When reading One Hundred Years of Solitude the reading experience can vary widely from reader to reader, and that’s due to Garcia Marquez’s ability to distort traditional ideas about reality.

Magical realism only scratches the surface of the historical and thematic depth of One Hundred Years of Solitude.  Macondo, the fictional setting for the story, is a peaceful almost utopian place until it is visited by outsiders.  Solitude is disrupted and eventually the story follows the decline of Macondo and the story’s narrating family, the Buendia’s. Events that start to bring down Macondo are close related to historical events that happened in Latin America history: labor strikes, colonialism, and military campaigns, for example.

A few years later, and during some difficult times in my life, I discovered the idea of solitude. I ultimately learned that in today’s world many people don’t embrace the idea of solitude, instead their brain tricks them into feeling lonely.  While figuring this out in my own life, I found myself thinking back to reading One Hundred Years of Solitude, and I was reminded of the entire arc of the plot which acts as a cautionary tale as to what can happen when solitude is absent.

One Hundred Years of Solitude also warns us about human nature and its tendency to repeat itself.  The book itself seems to suggest time isn’t linear, but rather all events in the world are happening at once. A fascinating concept this is the part of the story that kept me up for nights thinking of the possibilities that it suggests.

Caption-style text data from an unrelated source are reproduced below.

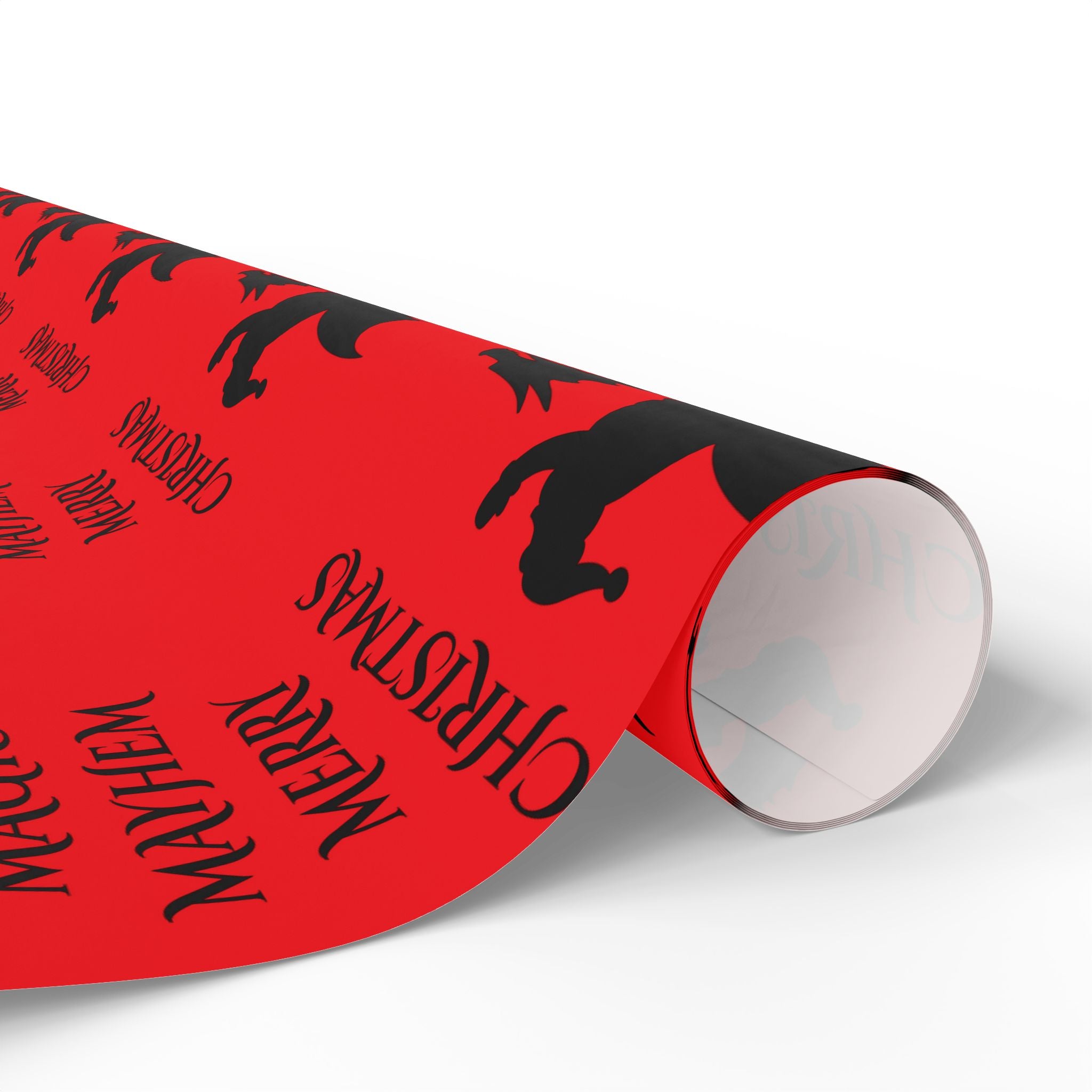 Santa Dragon Magic Mayhem Merry Christmas Wrapping Paper | Halloween Red and Black Santa on a Dragon Print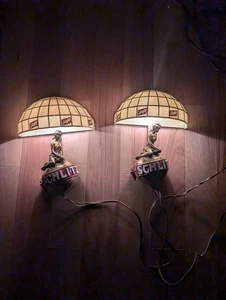 Pair Of Vintage Lady On Globe Schlitz Beer Sconce Light Signs  - Picture 1 of 16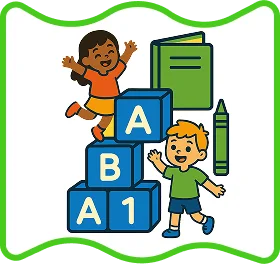 an image of Two children playing with educational blocks and school supplies.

A few years later I would read Love in the Time of Cholera and would again find consolation in Garcia Marquez’s words about the suffering found from being in love.  Likening cholera and disease to the pangs felt in your stomach and your heart is a metaphor I frequently reference when thinking about love sickness.  Despite the pain love can cause, trying to keep an open mind and an open heart is a hard learned lesson. Difficult as it is to keep an open heart, this quote from Love in the Time of Cholera encourages me to do just that:

“The heart’s memory eliminates the bad and magnifies the good.”

Gabriel Garcia Marquez’s writing was so much more than a welcomed distraction from life. It pushed the literary art form in new directions; it encouraged writers to be more flexible; it provided readers with a wealth of thoughtful thematic ideas; it encouraged people to look at the world differently.  In my own life, the writings of Gabriel Garcia Marquez had a major impact on me and the way I view the world, and that is why I believe this man’s writing will always be worth remembering.